Il y a quelques années que des dragues sont en repos dans le Chenal du Moyne, à Ste-Anne de Sorel. On assure qu’au cours de l’été plus de 600 hommes seront en service dans les îles de Sorel pour assurer la surveillance des navires qui y jetteront l’ancre. On construira aussi un lit de lancement mobile, du côté nord de l’île de Grâce, afin de monter sur la terre ferme les navires qui auront besoin de réparations.

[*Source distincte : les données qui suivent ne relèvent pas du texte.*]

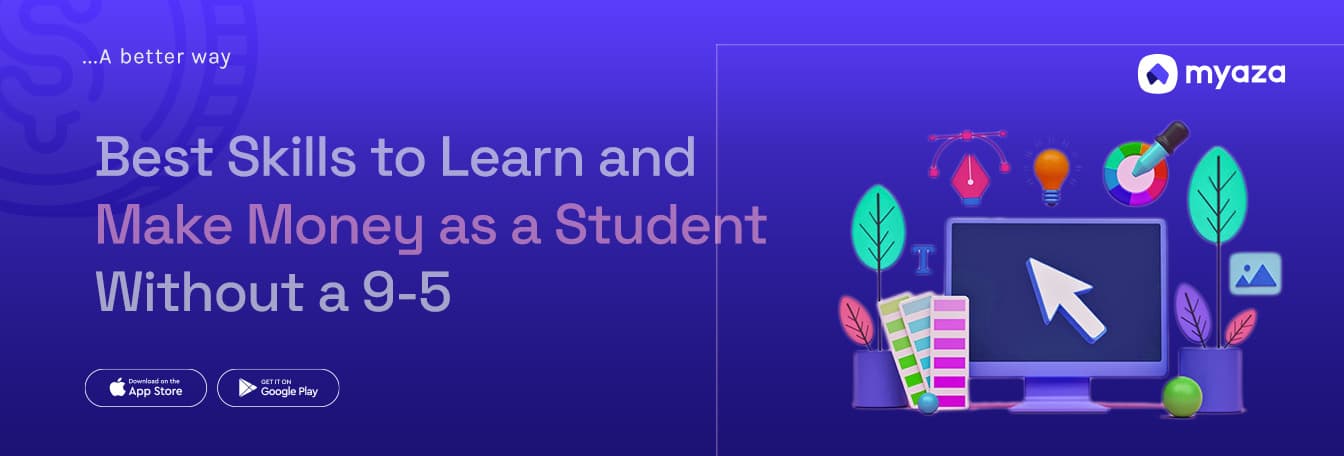 Best Skills to Learn and Make Money as a Student Without a 9-5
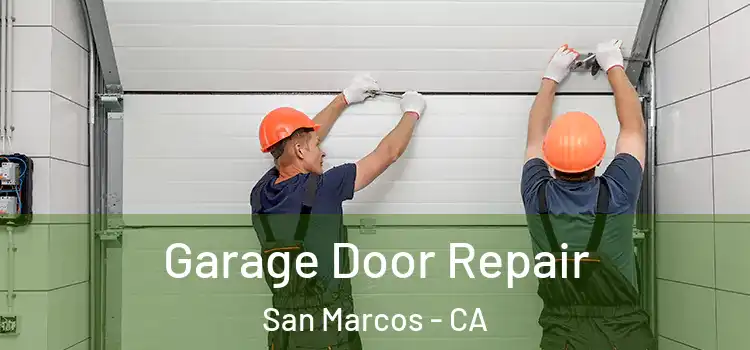  Garage Door Repair San Marcos - CA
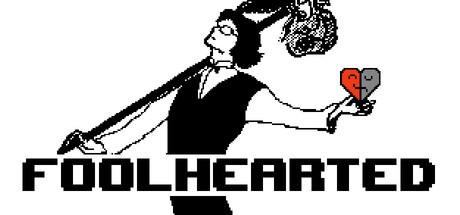 Games like Foolhearted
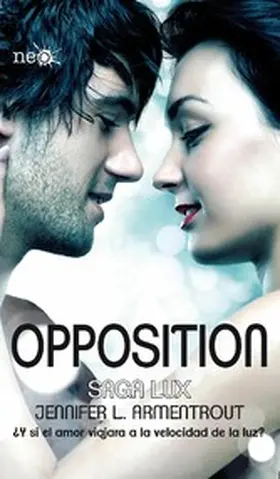 L. Armentrout |  Opposition (Saga LUX 5) | eBook | Sack Fachmedien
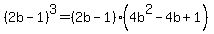 %282b-1%29%5E3=%282b-1%29%284b%5E2-4b%2B1%29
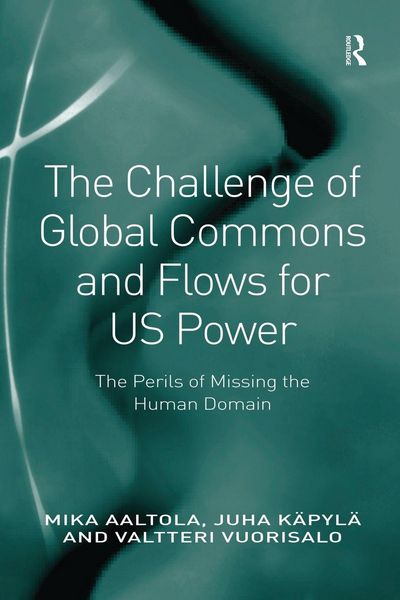 Produktbild: The Challenge of Global Commons and Flows for US Power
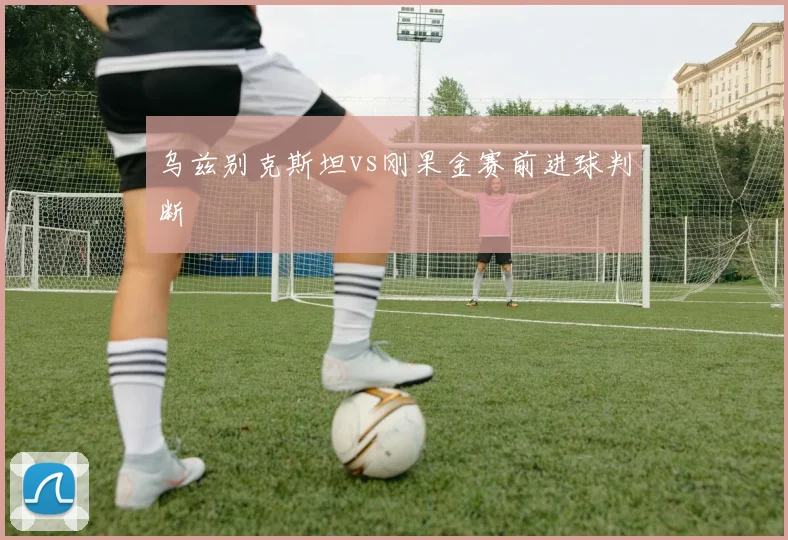 乌兹别克斯坦vs刚果金赛前进球判断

Les ouvriers qui circulent dans Sorel disent que ces navires de Guerre seront réparés et qu’avant de les transformer on attendra la fin de la guerre dans le Pacifique. Tous les jours, de nouveaux navires arrivent dans les parages de l’île de Grâce. Ils quittent le chenal ordinaire, en sortant du lac St-Pierre, pour se diriger un peu vers le nord et prendre place entre l’île de Grâce et l’île aux Ours. L’automobiliste qui se dirige le long du St-Laurent, de Sorel à Ste-Anne, peut voir ces navires placés deux à deux près d’une île sise au nord du chenal habituel.

Les navires prendront place dans tous les endroits où l’eau profonde permettra leur séjour, là où il ne manque que quelques pieds en profondeur, on creusera au moyen de dragues mécaniques, le fond du fleuve à cet endroit est de sable et de glaise, et il ne sera pas nécessaire de dynamiter.